>>>>
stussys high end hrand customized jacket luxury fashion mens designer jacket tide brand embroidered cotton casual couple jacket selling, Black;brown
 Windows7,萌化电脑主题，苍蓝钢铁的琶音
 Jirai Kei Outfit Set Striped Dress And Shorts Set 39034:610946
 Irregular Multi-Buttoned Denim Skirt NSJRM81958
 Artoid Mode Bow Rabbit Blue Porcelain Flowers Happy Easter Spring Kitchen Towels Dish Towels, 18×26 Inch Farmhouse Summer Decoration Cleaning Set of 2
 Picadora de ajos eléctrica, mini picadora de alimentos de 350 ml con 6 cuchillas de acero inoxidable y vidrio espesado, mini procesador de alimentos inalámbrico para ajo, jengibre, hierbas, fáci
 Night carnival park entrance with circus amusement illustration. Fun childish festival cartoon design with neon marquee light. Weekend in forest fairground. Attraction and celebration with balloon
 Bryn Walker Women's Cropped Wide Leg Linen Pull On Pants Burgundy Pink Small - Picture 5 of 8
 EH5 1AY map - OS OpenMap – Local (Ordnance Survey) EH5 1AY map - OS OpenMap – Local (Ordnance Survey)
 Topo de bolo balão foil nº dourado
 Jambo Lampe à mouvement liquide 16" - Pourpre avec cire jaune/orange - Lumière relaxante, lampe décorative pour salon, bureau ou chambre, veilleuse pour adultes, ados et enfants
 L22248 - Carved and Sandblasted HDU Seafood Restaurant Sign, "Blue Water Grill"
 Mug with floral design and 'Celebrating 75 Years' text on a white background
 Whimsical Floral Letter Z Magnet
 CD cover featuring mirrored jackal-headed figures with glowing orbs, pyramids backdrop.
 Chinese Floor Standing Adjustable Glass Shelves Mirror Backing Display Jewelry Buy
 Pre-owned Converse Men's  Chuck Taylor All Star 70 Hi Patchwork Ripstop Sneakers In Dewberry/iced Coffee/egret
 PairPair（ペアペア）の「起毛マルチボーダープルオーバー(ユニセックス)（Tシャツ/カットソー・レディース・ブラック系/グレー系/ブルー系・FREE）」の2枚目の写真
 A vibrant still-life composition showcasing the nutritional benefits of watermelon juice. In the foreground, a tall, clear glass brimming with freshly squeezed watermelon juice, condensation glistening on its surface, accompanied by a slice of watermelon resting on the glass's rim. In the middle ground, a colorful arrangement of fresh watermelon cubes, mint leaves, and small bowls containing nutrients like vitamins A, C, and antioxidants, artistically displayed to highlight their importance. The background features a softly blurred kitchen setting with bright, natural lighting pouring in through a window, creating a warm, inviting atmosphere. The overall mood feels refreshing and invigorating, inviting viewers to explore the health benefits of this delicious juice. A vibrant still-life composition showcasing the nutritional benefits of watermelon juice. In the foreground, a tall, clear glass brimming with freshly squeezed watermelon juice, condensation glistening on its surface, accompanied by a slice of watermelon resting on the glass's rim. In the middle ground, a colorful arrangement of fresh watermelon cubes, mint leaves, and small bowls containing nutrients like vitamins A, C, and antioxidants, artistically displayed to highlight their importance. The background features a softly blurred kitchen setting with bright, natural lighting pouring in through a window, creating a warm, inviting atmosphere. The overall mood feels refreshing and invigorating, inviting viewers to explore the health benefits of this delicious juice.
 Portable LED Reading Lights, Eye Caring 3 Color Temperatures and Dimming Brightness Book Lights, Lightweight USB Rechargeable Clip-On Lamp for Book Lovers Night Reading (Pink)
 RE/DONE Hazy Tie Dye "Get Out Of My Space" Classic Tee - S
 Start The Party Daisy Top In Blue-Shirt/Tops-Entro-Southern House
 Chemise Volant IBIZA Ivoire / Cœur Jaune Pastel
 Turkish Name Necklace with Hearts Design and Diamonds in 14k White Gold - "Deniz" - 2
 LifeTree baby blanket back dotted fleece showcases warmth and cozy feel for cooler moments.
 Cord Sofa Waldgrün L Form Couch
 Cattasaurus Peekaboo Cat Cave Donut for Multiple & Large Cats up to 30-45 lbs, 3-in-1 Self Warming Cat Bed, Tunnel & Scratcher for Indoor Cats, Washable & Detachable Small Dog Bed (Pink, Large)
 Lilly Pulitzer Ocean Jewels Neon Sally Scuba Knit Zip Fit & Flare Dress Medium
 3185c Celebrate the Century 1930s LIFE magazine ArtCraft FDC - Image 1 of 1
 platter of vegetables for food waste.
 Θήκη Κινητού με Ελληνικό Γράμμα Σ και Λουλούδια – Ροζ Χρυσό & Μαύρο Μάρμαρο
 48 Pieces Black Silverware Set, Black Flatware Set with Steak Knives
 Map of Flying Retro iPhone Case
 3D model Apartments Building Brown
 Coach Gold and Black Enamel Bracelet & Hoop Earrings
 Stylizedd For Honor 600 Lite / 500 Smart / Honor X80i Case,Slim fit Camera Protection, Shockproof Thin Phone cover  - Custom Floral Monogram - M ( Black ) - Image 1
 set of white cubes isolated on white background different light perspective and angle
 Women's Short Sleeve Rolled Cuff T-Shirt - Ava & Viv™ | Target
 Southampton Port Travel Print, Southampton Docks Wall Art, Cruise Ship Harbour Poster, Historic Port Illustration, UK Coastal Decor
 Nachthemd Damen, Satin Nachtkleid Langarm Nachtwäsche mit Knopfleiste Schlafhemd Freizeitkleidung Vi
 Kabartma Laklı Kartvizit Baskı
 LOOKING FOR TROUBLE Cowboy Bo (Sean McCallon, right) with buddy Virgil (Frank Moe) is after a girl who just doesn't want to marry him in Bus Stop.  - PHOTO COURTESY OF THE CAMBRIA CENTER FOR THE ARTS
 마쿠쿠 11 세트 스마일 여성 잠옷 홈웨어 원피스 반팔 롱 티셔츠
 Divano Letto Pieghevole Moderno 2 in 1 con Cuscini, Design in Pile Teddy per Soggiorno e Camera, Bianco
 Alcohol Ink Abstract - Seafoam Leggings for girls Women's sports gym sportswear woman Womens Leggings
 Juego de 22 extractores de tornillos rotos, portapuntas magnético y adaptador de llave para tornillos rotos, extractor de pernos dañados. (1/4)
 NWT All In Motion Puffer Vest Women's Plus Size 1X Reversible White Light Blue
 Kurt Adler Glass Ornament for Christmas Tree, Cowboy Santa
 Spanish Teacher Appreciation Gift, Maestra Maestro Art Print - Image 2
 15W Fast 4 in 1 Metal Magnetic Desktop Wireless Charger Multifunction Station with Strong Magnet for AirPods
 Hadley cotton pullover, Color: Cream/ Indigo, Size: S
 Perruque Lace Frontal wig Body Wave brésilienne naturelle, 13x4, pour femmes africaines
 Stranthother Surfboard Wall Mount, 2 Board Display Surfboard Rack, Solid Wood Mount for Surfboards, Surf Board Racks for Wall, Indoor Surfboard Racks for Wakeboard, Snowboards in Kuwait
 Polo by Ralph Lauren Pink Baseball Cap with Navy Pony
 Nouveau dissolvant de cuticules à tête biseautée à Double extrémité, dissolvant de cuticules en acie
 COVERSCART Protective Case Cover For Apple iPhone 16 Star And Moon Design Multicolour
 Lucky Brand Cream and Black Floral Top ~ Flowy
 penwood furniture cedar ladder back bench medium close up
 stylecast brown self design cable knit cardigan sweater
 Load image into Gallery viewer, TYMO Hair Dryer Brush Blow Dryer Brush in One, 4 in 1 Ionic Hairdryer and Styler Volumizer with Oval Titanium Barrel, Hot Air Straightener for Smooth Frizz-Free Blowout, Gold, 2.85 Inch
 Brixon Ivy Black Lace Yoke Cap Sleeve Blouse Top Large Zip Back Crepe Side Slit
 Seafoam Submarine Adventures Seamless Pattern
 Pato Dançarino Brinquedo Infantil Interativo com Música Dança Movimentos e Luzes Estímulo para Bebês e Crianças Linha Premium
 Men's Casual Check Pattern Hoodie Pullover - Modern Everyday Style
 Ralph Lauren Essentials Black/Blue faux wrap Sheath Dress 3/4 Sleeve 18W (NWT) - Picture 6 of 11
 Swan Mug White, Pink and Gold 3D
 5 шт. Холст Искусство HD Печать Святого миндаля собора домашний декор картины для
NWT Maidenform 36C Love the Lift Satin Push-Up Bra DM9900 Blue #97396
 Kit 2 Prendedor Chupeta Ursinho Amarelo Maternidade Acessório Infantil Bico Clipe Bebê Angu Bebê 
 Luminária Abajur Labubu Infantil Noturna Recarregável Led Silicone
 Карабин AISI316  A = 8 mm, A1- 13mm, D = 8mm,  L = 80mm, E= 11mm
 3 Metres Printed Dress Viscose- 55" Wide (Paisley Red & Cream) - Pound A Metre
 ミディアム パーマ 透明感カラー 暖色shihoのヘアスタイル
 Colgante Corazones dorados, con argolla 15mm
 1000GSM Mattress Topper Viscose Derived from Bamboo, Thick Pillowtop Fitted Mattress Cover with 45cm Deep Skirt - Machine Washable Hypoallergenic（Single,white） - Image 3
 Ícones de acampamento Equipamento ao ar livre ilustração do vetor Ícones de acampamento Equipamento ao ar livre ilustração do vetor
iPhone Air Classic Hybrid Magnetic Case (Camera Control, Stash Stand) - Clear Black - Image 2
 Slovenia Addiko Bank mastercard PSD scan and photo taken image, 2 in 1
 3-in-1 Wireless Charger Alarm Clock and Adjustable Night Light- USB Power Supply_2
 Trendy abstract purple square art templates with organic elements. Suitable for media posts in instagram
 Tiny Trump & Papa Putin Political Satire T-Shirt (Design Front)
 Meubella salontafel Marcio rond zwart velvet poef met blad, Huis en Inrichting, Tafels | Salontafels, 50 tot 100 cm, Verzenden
<<<<
# Task statement:
The line with "Luminária Abajur Labubu" through the last line of the data: write these out exactly, and no others.

# Written reply:
 Luminária Abajur Labubu Infantil Noturna Recarregável Led Silicone
 Карабин AISI316  A = 8 mm, A1- 13mm, D = 8mm,  L = 80mm, E= 11mm
 3 Metres Printed Dress Viscose- 55" Wide (Paisley Red & Cream) - Pound A Metre
 ミディアム パーマ 透明感カラー 暖色shihoのヘアスタイル
 Colgante Corazones dorados, con argolla 15mm
 1000GSM Mattress Topper Viscose Derived from Bamboo, Thick Pillowtop Fitted Mattress Cover with 45cm Deep Skirt - Machine Washable Hypoallergenic（Single,white） - Image 3
 Ícones de acampamento Equipamento ao ar livre ilustração do vetor Ícones de acampamento Equipamento ao ar livre ilustração do vetor
iPhone Air Classic Hybrid Magnetic Case (Camera Control, Stash Stand) - Clear Black - Image 2
 Slovenia Addiko Bank mastercard PSD scan and photo taken image, 2 in 1
 3-in-1 Wireless Charger Alarm Clock and Adjustable Night Light- USB Power Supply_2
 Trendy abstract purple square art templates with organic elements. Suitable for media posts in instagram
 Tiny Trump & Papa Putin Political Satire T-Shirt (Design Front)
 Meubella salontafel Marcio rond zwart velvet poef met blad, Huis en Inrichting, Tafels | Salontafels, 50 tot 100 cm, Verzenden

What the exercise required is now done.